- _Given records_:
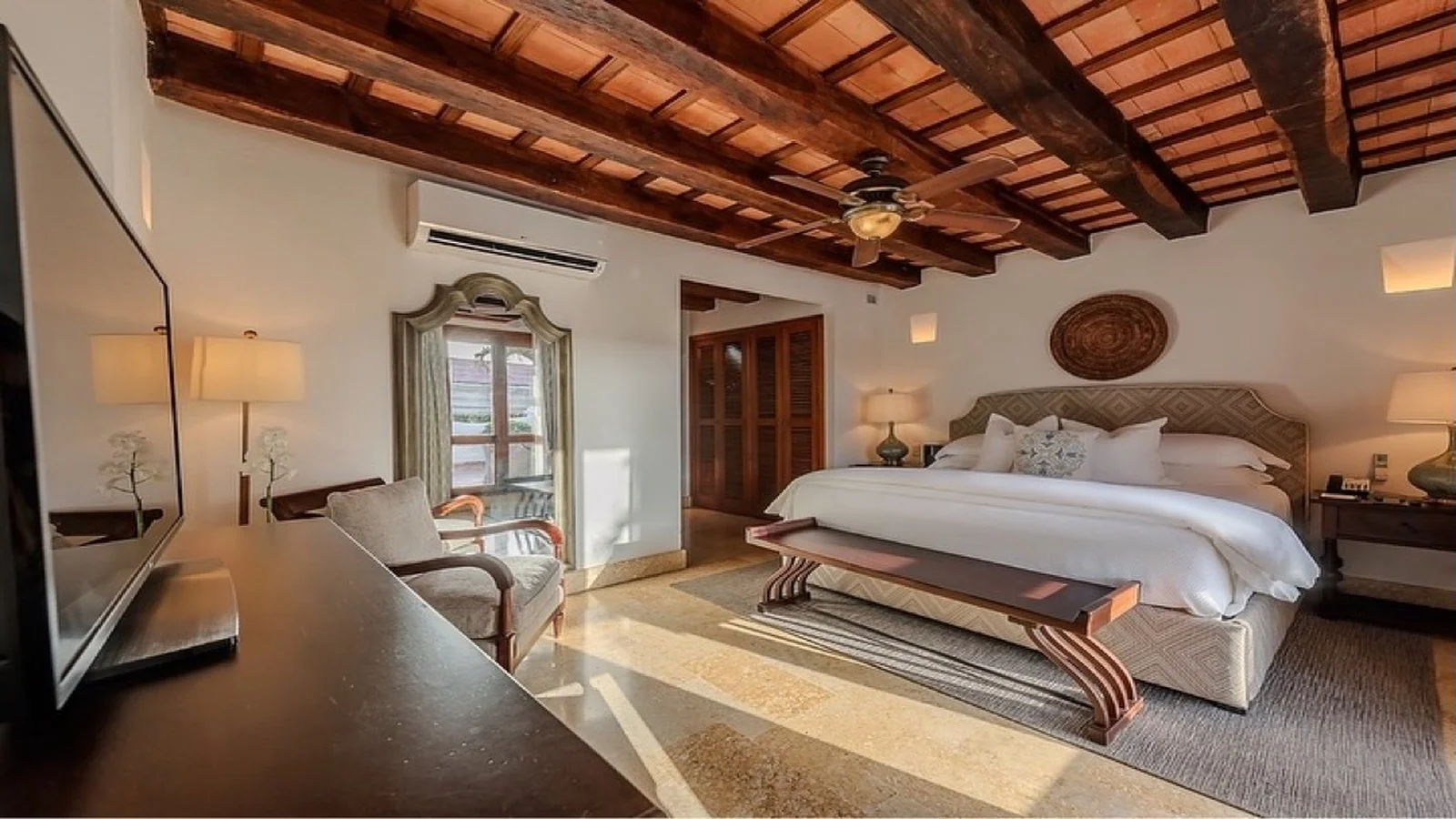 casa-san-agustin-luxury-suite-wood-beams-cartagena.jpeg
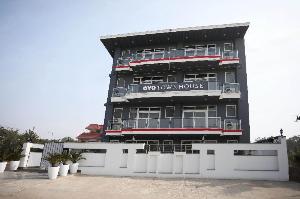 OYO Townhouse 024 Sector 47 Gurgaon, Gurgaon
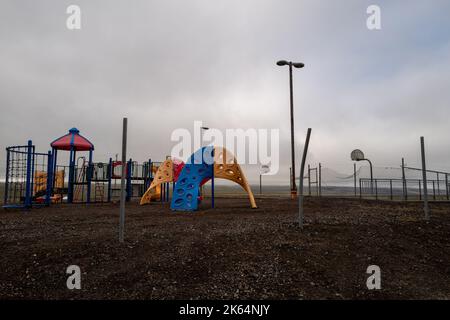 Vista su un parco giochi in una piccola città indigena sull'isola di San Lorenzo Foto Stock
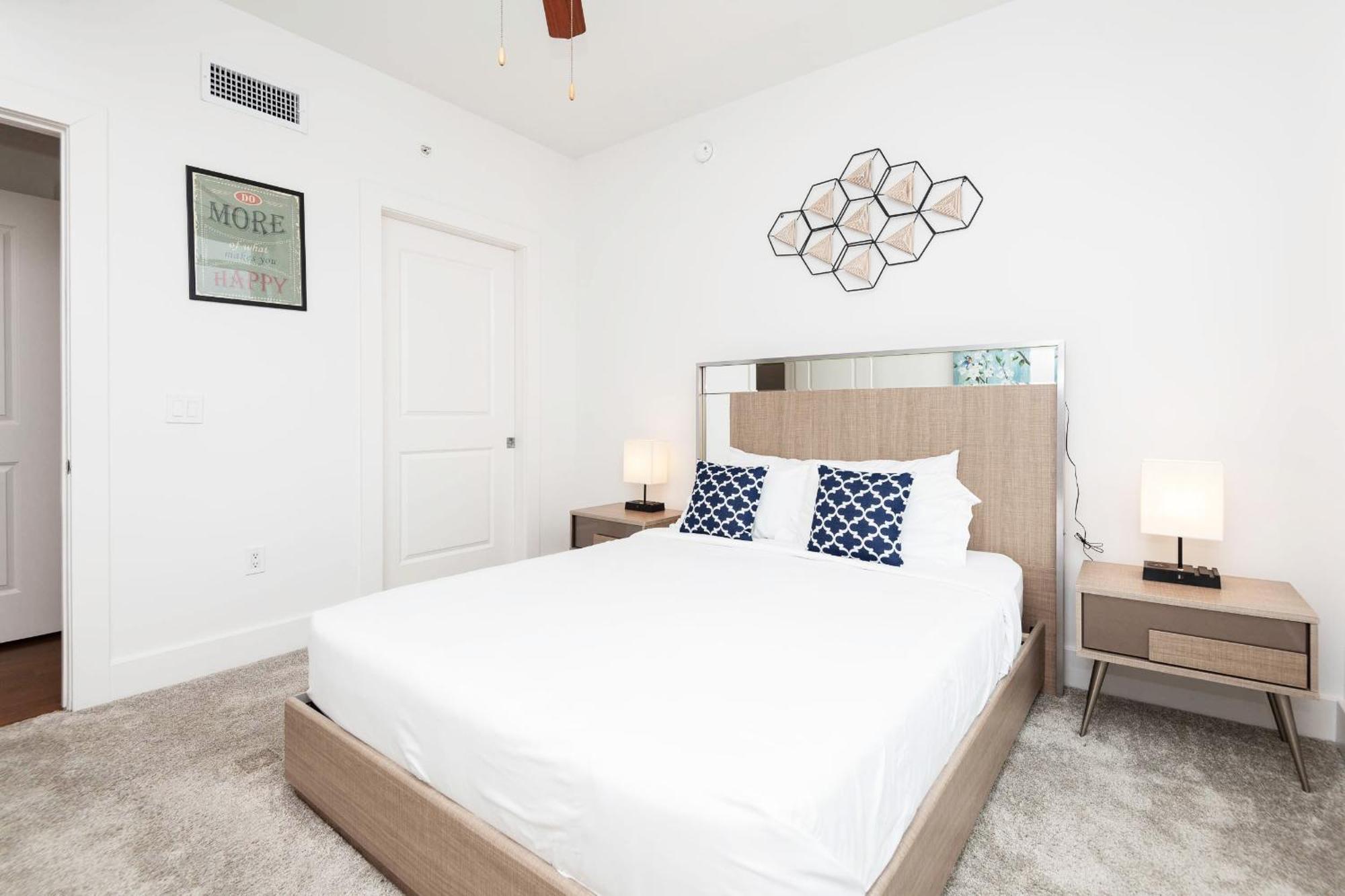 Sky-Rise Apartments Лос Анджелис Екстериор снимка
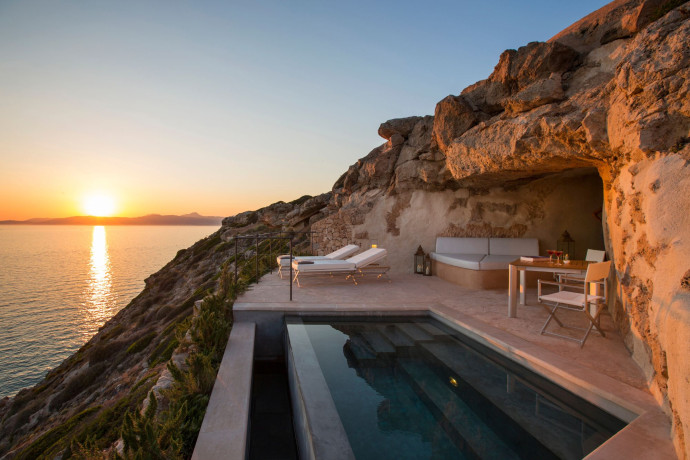 La piscine avec vue du Cap Rocat à Majorque.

- _Exercise brief_:
Only the lines from the one with "Vista su un" through the final line of the entries above are to be repeated, exactly as written and without pictures.

- _Your solution_:
 Vista su un parco giochi in una piccola città indigena sull'isola di San Lorenzo Foto Stock
 Sky-Rise Apartments Лос Анджелис Екстериор снимка
 La piscine avec vue du Cap Rocat à Majorque.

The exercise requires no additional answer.